Work instructions:
Below is a listing. Return the lines from the one that contains "New 2025 Ford Bronco Outer Banks image 11" to the one that contains "Max Verstappen, no", both ends included, verbatim and with no pictures.

Data for this task:
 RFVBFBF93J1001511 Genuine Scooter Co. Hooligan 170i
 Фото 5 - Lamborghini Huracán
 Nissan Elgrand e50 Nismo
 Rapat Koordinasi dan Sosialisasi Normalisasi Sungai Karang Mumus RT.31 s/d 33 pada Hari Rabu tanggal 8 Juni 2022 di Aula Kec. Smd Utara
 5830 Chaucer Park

---

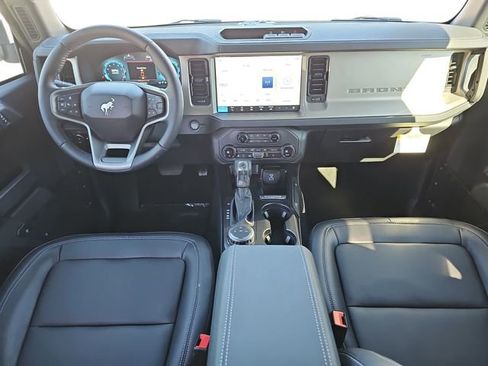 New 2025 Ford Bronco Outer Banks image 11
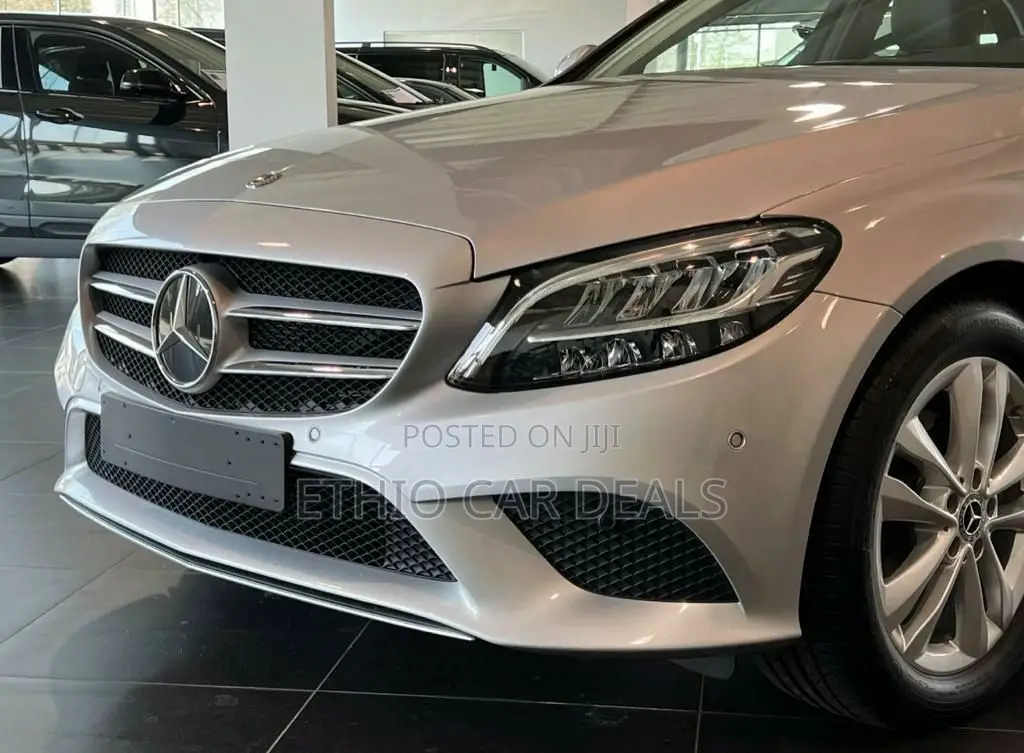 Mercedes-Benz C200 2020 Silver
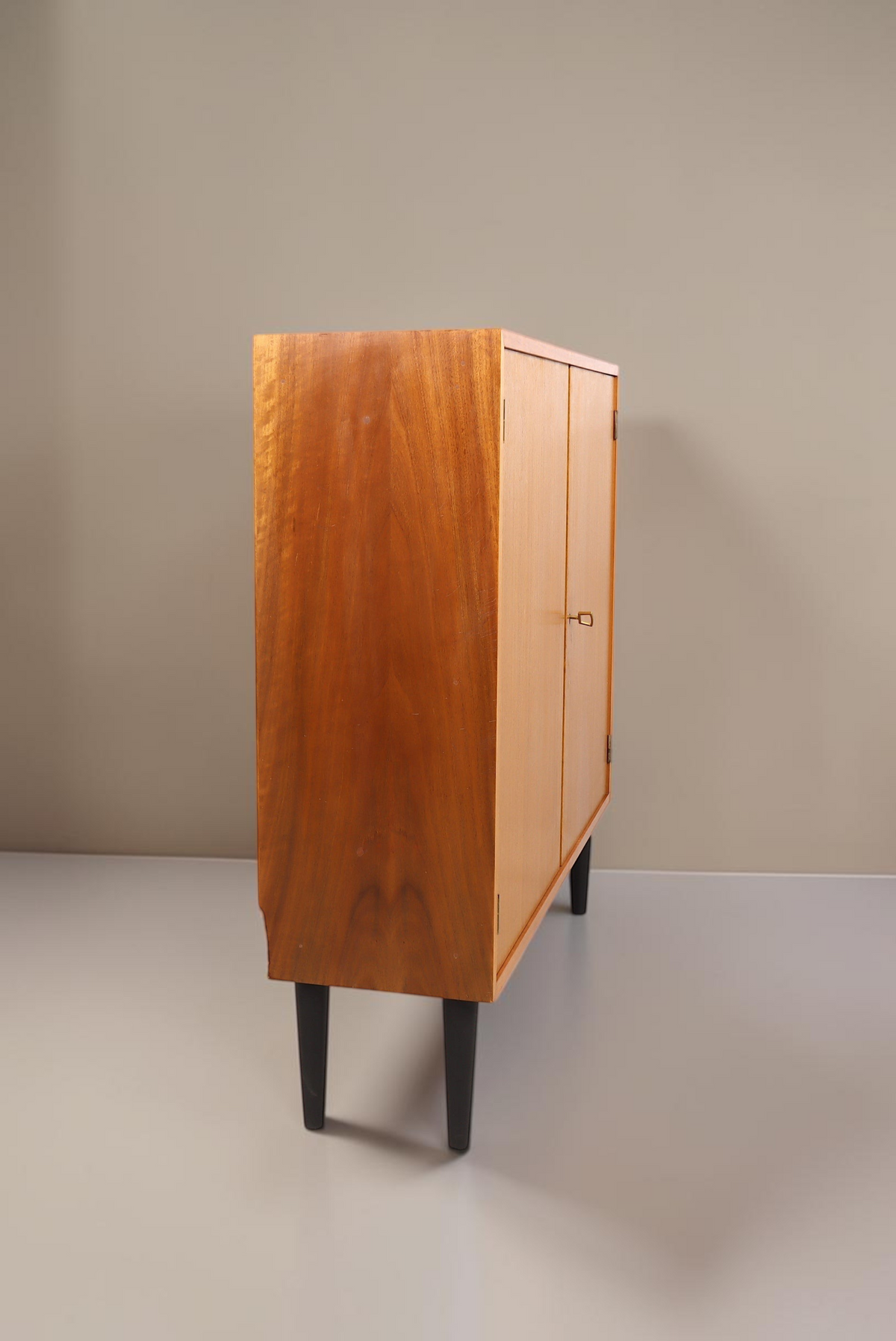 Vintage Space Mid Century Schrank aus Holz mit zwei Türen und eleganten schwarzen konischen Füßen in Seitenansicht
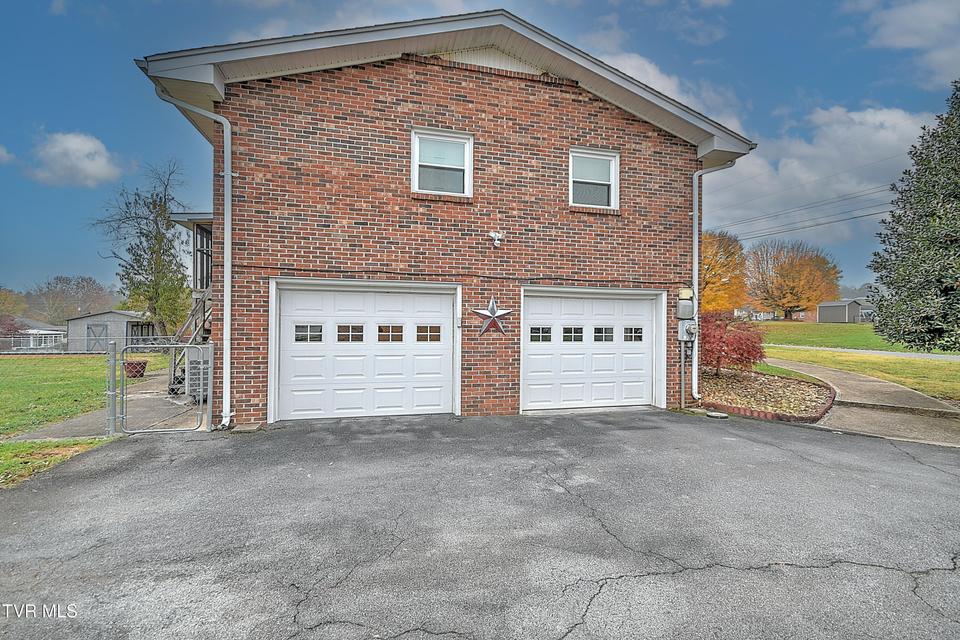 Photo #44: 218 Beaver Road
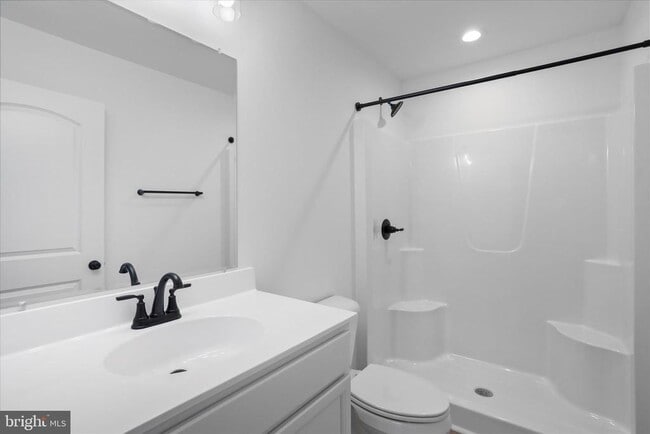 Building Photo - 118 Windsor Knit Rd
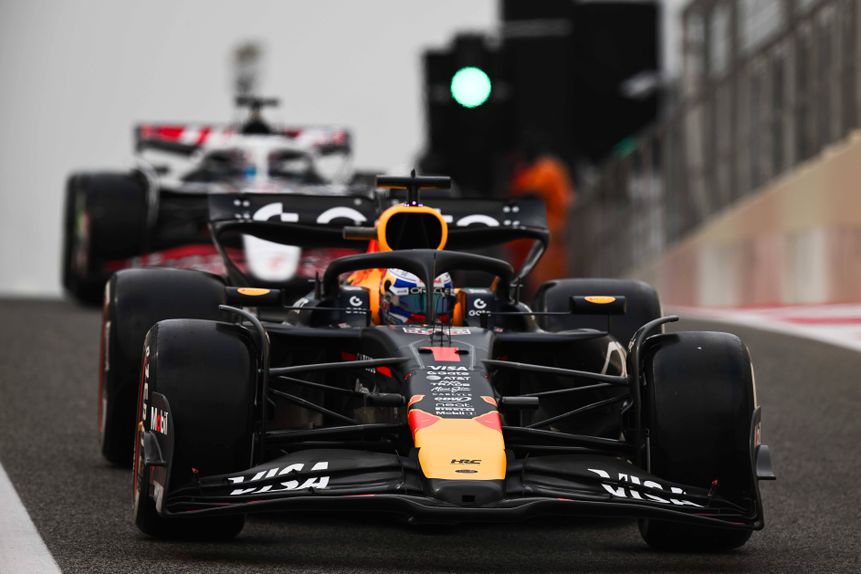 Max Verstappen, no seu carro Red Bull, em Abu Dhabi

Answer section:
 New 2025 Ford Bronco Outer Banks image 11
 Mercedes-Benz C200 2020 Silver
 Vintage Space Mid Century Schrank aus Holz mit zwei Türen und eleganten schwarzen konischen Füßen in Seitenansicht
 Photo #44: 218 Beaver Road
 Building Photo - 118 Windsor Knit Rd
 Max Verstappen, no seu carro Red Bull, em Abu Dhabi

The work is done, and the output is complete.